The data:
Start of Block
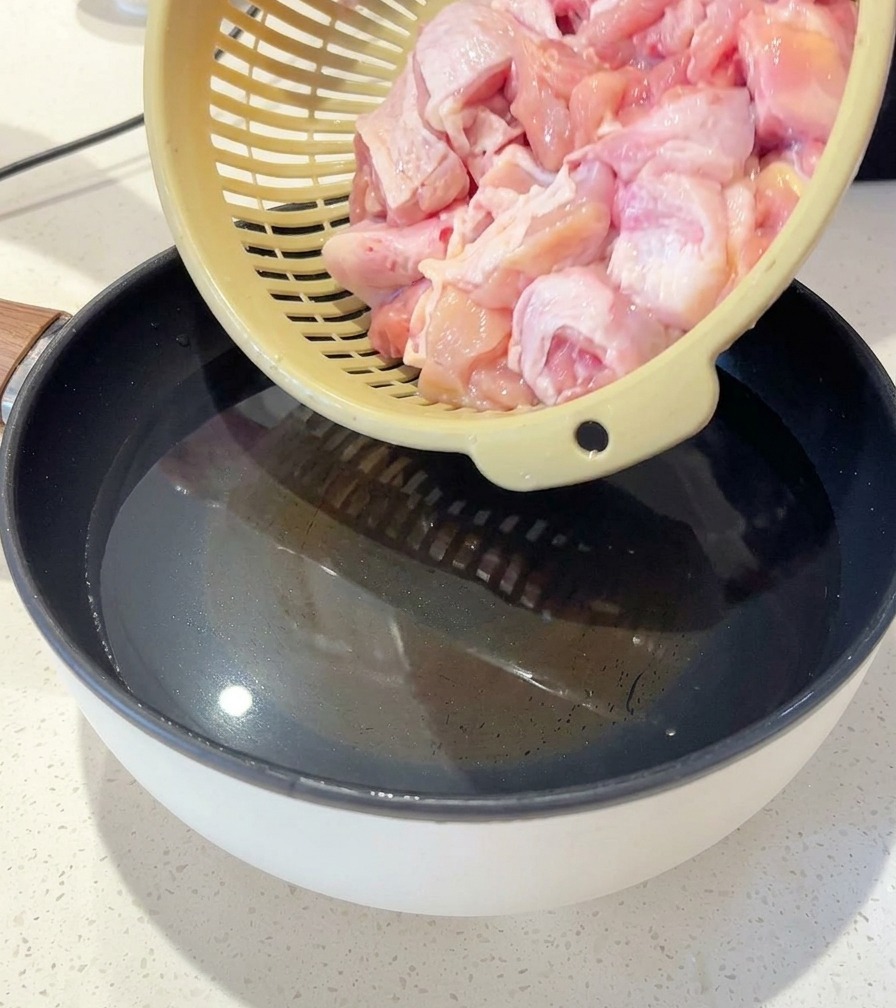 Una persona che versa pezzi di pollo crudo da un colino in una pentola dacqua con zenzero a fette e cipollotti.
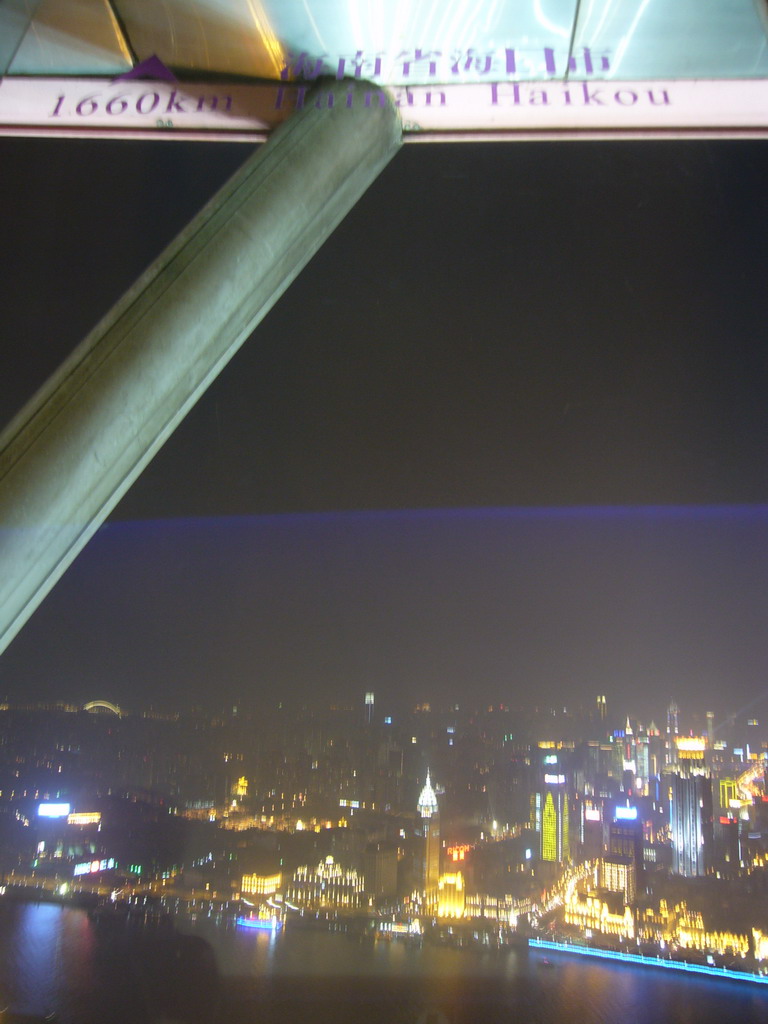 View on the Puxi skyline, with the Guang Ming Building, the Bund Center and other skyscrapers, from the top of the Oriental Pearl Tower, by night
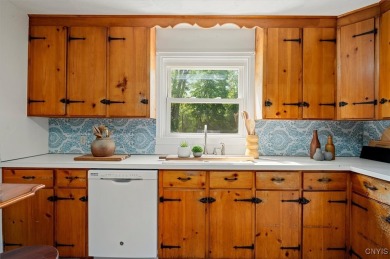 Nestled on a quiet street, this 3-bedroom, 1.5-bathroom  boasts on Twin Ponds Golf and Country Club in New York - for sale on GolfHomes.com, golf home, golf lot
End of Block
Task item:
Word for word, repeat the material above and drop the pictures.

Exercise response:
 Una persona che versa pezzi di pollo crudo da un colino in una pentola dacqua con zenzero a fette e cipollotti.
 View on the Puxi skyline, with the Guang Ming Building, the Bund Center and other skyscrapers, from the top of the Oriental Pearl Tower, by night
 Nestled on a quiet street, this 3-bedroom, 1.5-bathroom  boasts on Twin Ponds Golf and Country Club in New York - for sale on GolfHomes.com, golf home, golf lot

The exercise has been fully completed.